<<<<

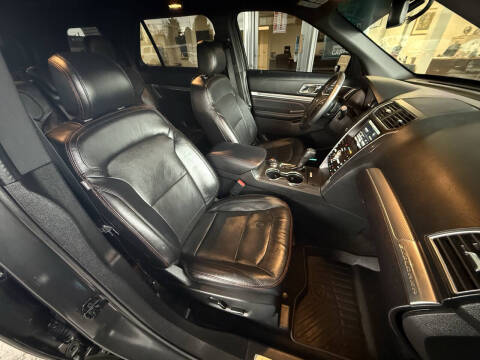 2016 Ford Explorer Sport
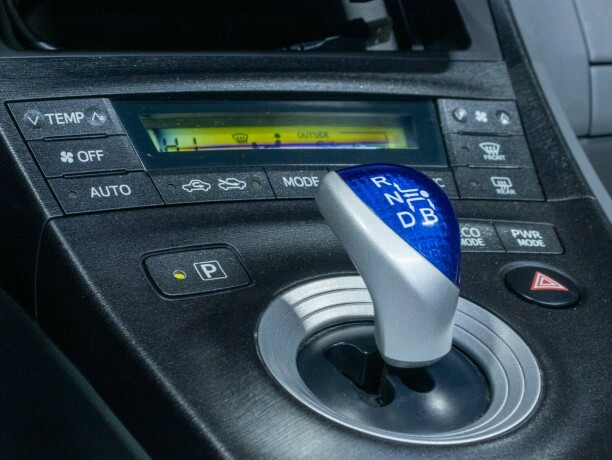 toyota-prius-bensin-2010-big-33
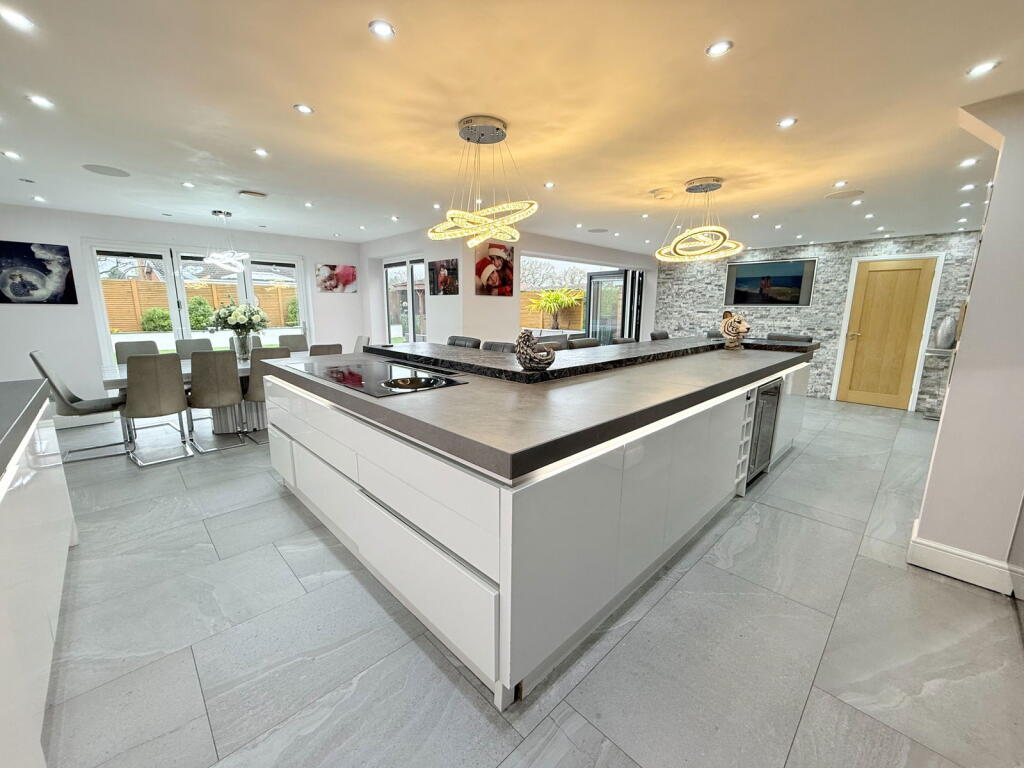 Additional image 5 of Willowbank Road, Knowle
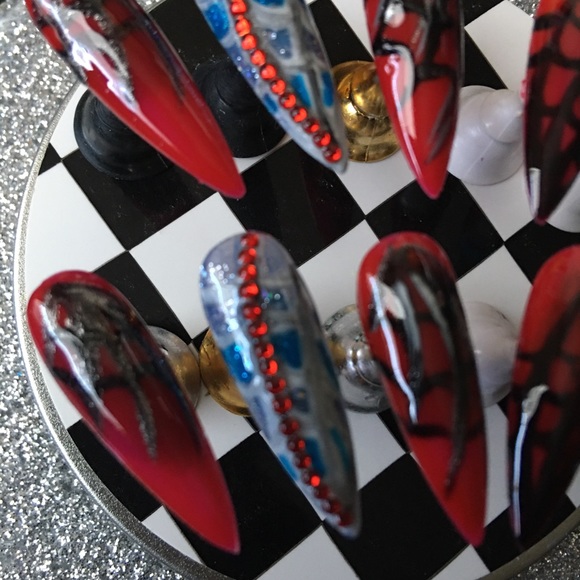 Spider-Man PressOn Nails in MEDIUM (1,5,4,6,8) - Picture 8 of 9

>>>>

• [Problem to work on]
Print the material verbatim; drop the pictures.

• [Reply to the exercise]
 2016 Ford Explorer Sport
 toyota-prius-bensin-2010-big-33
 Additional image 5 of Willowbank Road, Knowle
 Spider-Man PressOn Nails in MEDIUM (1,5,4,6,8) - Picture 8 of 9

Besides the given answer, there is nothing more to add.